J’ai créé à Valenciennes un Observatoire des extrémismes et des signes émergents, l’OESE. Je continue à le faire pour la recherche universitaire, en étudiant les mouvements minoritaires et en gardant sur eux un regard factuel et dépassionné.
Ce n’est heureusement pas celui que vous portez depuis quelques semaines dans « le Masque et la Plume ». C’est une sorte de panthéon où là aussi vous ferez entrer votre fantaisie ?
La radio (« Ce monde me rend fou », le week-end sur France Culture) est une déclinaison du théâtre et un prolongement de mon travail d’écriture. L’émission « le Masque et la Plume » réveille en moi le Christophe d’antan, cette appartenance atavique au cinéma. J’ai une légitimité, je crois. J’en parle avec dureté parfois, mais je connais ce monde de l’intérieur.

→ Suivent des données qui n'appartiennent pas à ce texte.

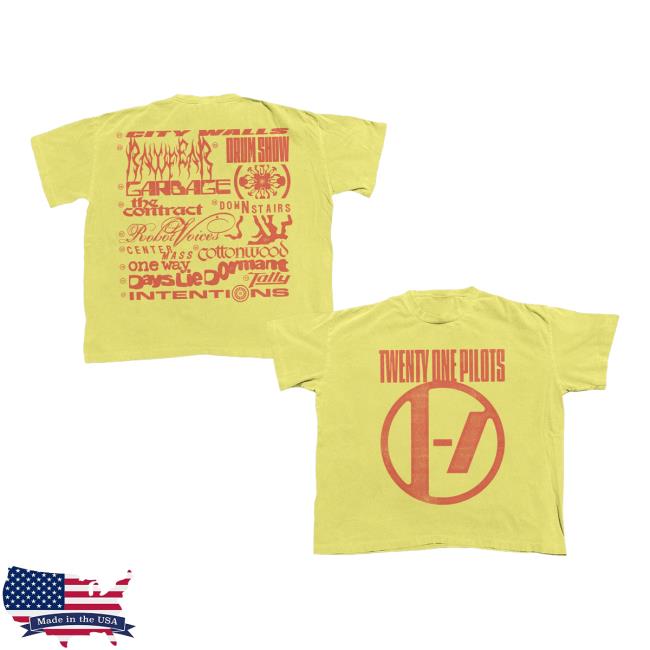 Twenty One Pilots Merch Store Breach Tracklist T-Shirt Twenty One Pilots Merch Store Breach Tracklist T-Shirt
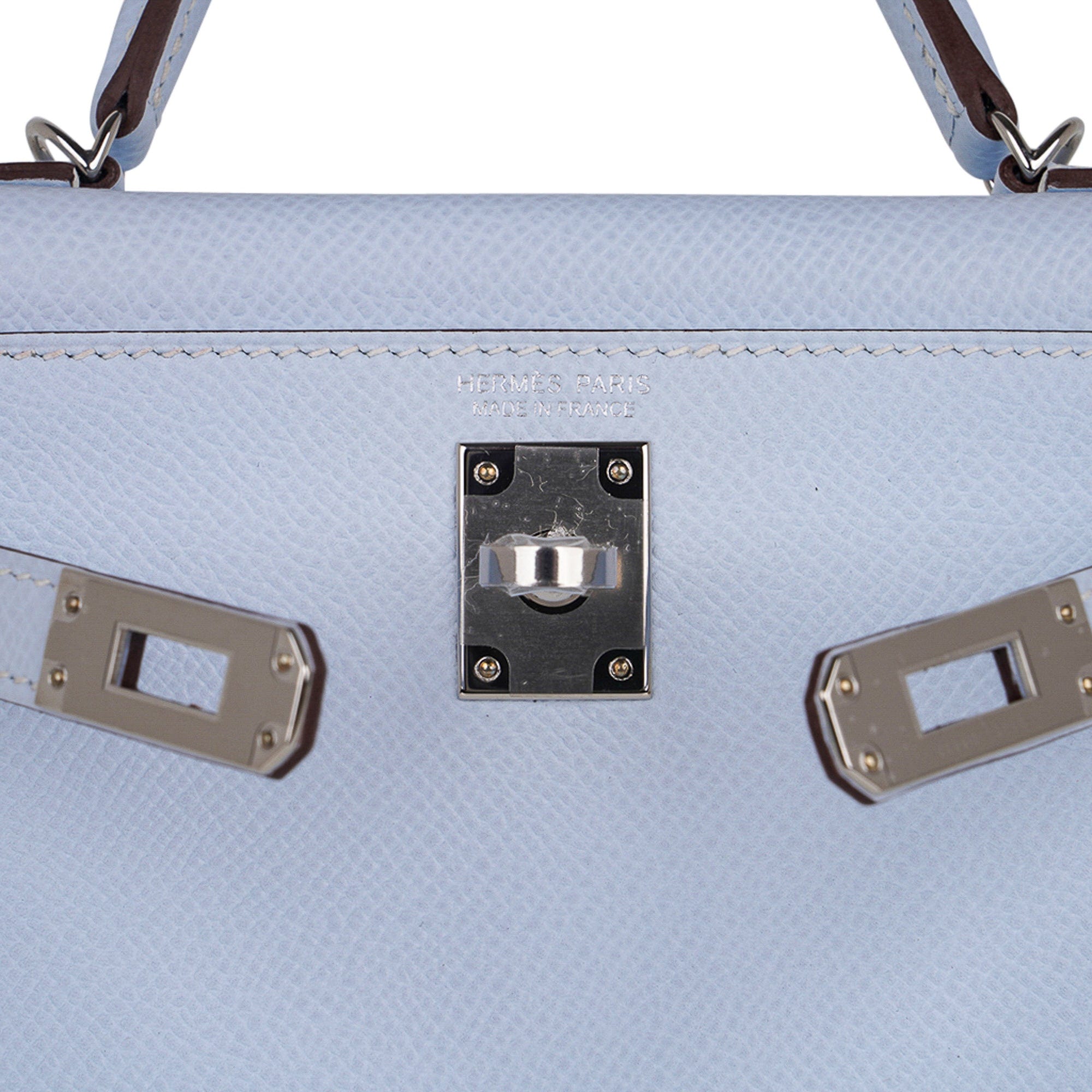 Hermes Kelly 20 Mini Sellier Bag Blue Brume Epsom Leather Gold Hardware New  w/Box
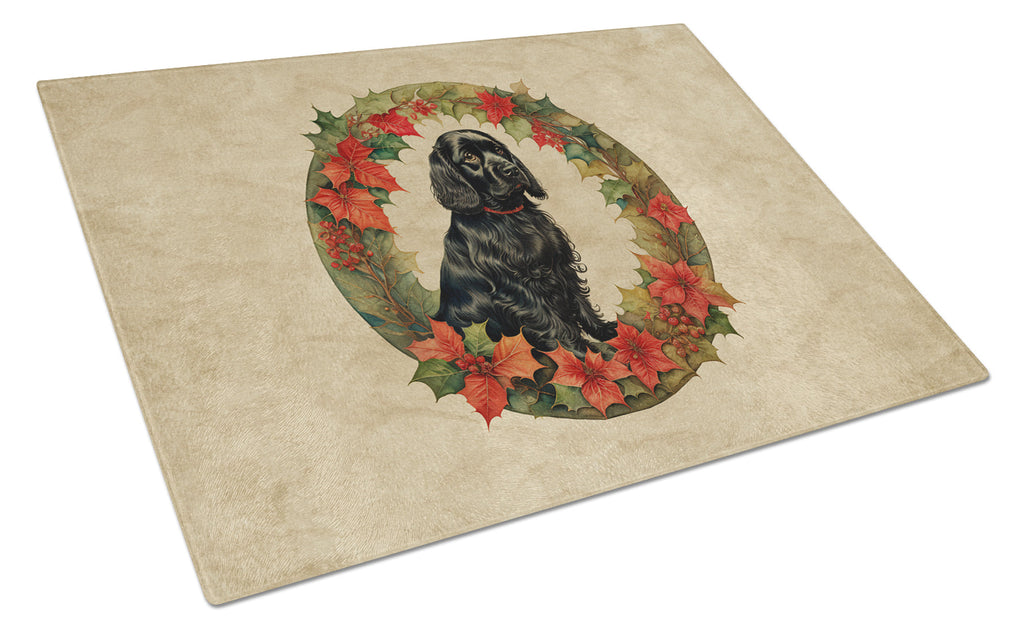 Cocker Spaniel Christmas Flowers Cutting Board Tempered Glass Kitchen Cutting Surface, Heat Resistant Chopping, Non-Slip Feet, Food Prep & Serving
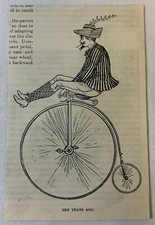 1895 magazine engraving ~ A BICYCLE TEN YEARS AGO in 1885 picture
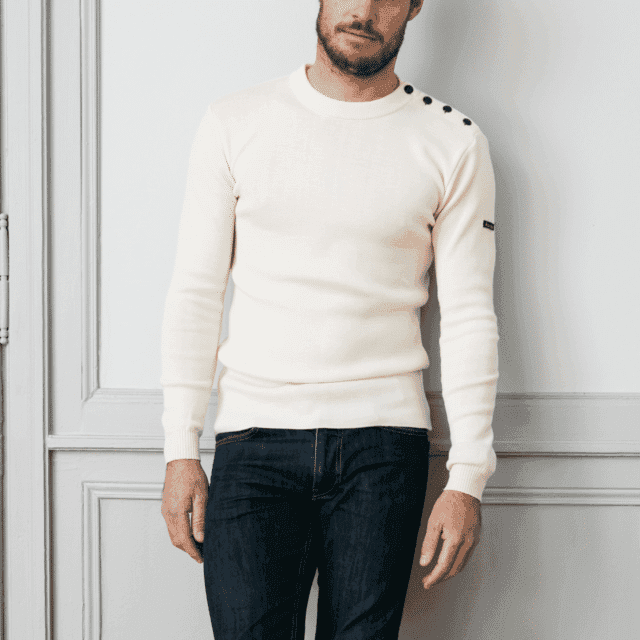 Pull marin pour homme en 100% pure laine mérinos uni écru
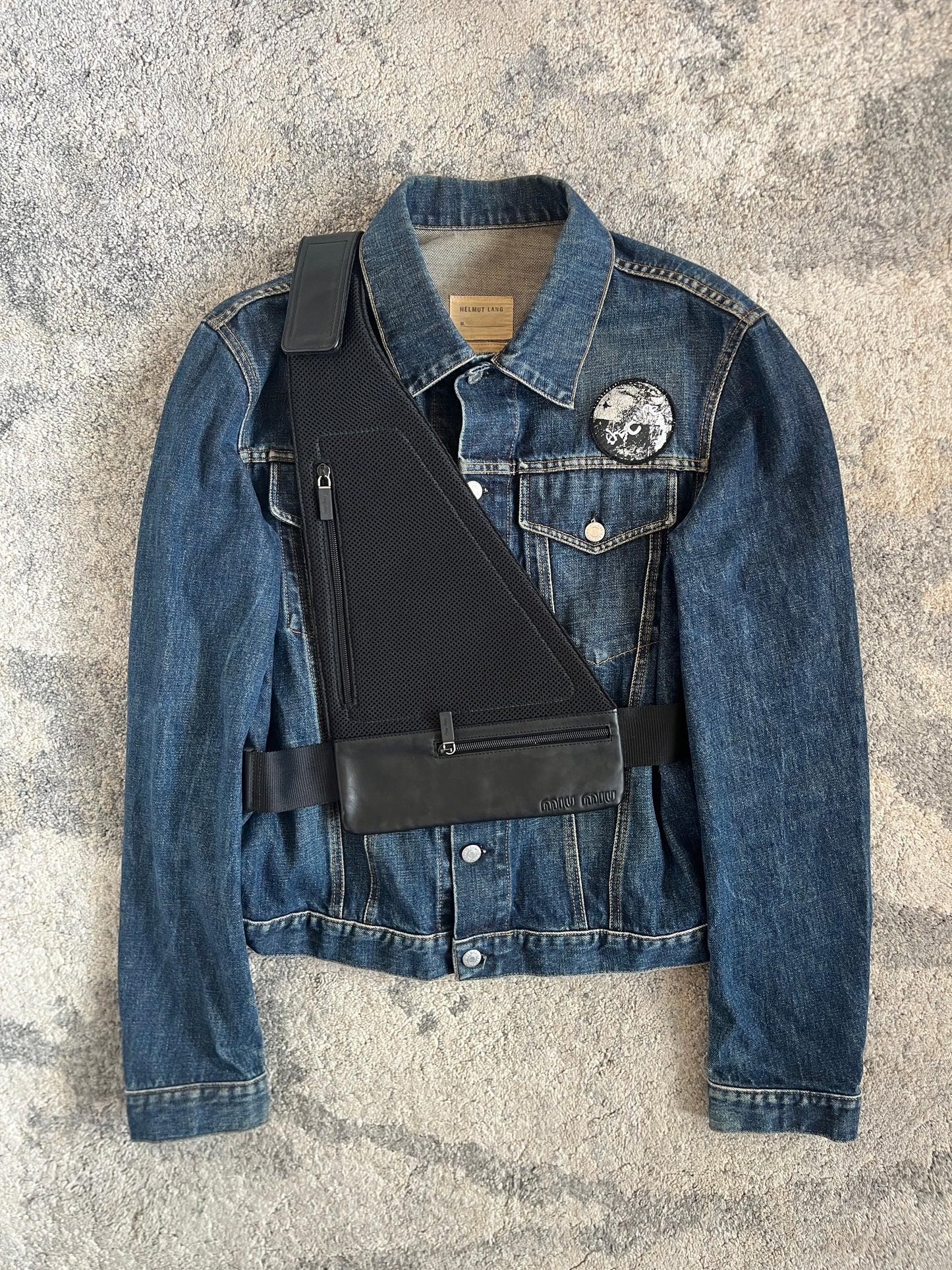 Miu Miu FW1999 leather & mesh chest rig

C’est ce regard, exigeant, que vous allez porter au « Masque et la Plume » ?
Je vais essayer de le défricher pour l’auditeur. Ce film vaut-il la peine d’être vu ? Est-ce une escroquerie, comme « Priscilla », ou apporte-t-il quelque chose, comme « l’Innocence » ? Je vais rester dissident, je vais rester moi-même.